公務員は「争議行為の禁止」など労働基本権の一部を制限されており、代償措置として人事院が給与勧告などを行います。立花氏は、民間給与との格差を正すものだとして、是正する姿勢を見せませんでした。
2018年2月28日(水)しんぶん赤旗より
【2月27日議院運営委員会 議事録】
○田村智子君 日本共産党の田村智子です。
この間の人事院勧告については、国家公務員の労働組合から、民間準拠を理由として、例えば退職金が在職中の給与の後払いという性格があることが考慮されずに大幅に引き下げられていく、あるいは公務の特殊性が考慮されないままに地域間格差を拡大するような勧告が出されるという厳しい批判が示されてきました。また、配偶者手当の削減、課長職以上の廃止については、これは民間準拠でさえなく、逆に民間への波及効果ということまで言われて行われてきたわけですね。
これでは労働基本権制約の代償機関という役割が果たされていないのではないかと私は大変危惧をしていますが、この点について立花参考人の見解をお聞きいたします。

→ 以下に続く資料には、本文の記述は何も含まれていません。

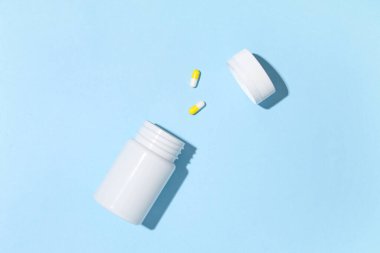 Boş plastik vitamin şişesi ve mavi arka planda haplar.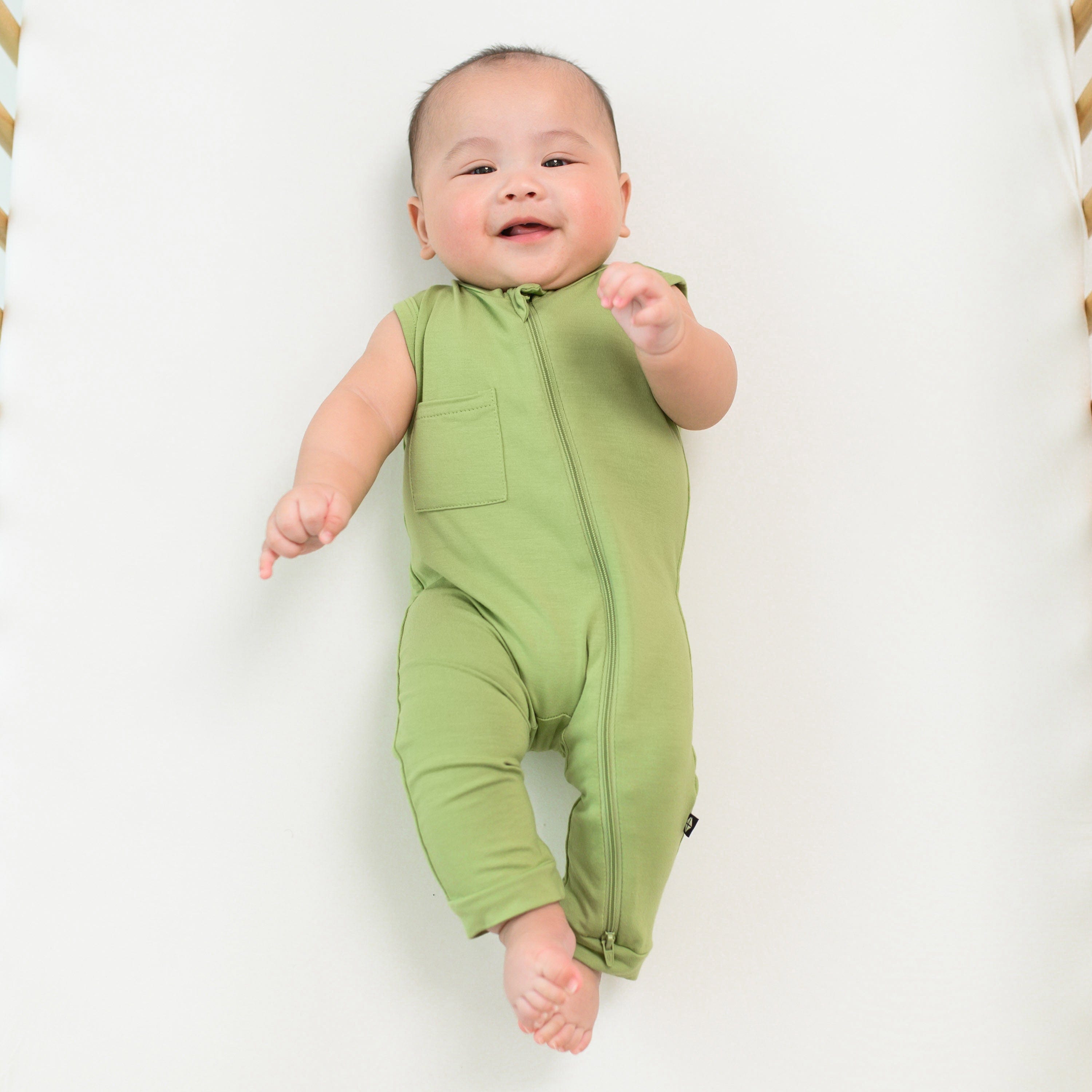 Infant wearing Kyte Baby Sleeveless Zippered Romper with dual zipper in Honu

○参考人(立花宏君) 田村先生の御批判、承りました。
私は、もう人事院勧告制度は、労働基本権制約の代償機関という、そういった人事院の二つある大きなレーゾンデートルの一つ、大きな柱でございますけれども、全体として、労働基本権制約ということで、民間との給与の格差を全体として出した上でそれをどう配分するかという配分の問題があるわけですけれども、この配分の問題につきましては、大きくは、私は公務員の給与制度は、全国一本の基本給といいましょうか、職務給といいましょうか、これの下で必要に応じて地域の状況に応じて手当を出すということも国公法上認められておりますし、それから、配偶者手当の問題は民間準拠ではないんではないかという御指摘もございました。
確かにそういった御指摘も一部にはあると存じますけれども、一方では、冒頭、先ほどの御質問の中でも触れましたけれども、女性が全体の七割の方が職を持って働いていると、自立しながら苦労しながら働いておられるというような状況を見ますと、かつてのような男女の役割分担という状況から大きく変わってきていると。そういう状況を見ますと、まだまだその辺は民間の大勢ということに確かになっておりませんけれども、女性の働きが一般化してきているというような状況。あるいは、子供を、むしろ育児の方をもっと社会全体として手厚く考えるべきではないかと、そういった御意見もございましたので、その辺を踏まえて、また民間の状況等も方向性もにらみながら配偶者手当を一部減らし、またその分その浮いた財源でもって子供に対する手当を厚くしたということで、大きな社会の経済環境の変化に対応したものというふうに、そんな感じでおります。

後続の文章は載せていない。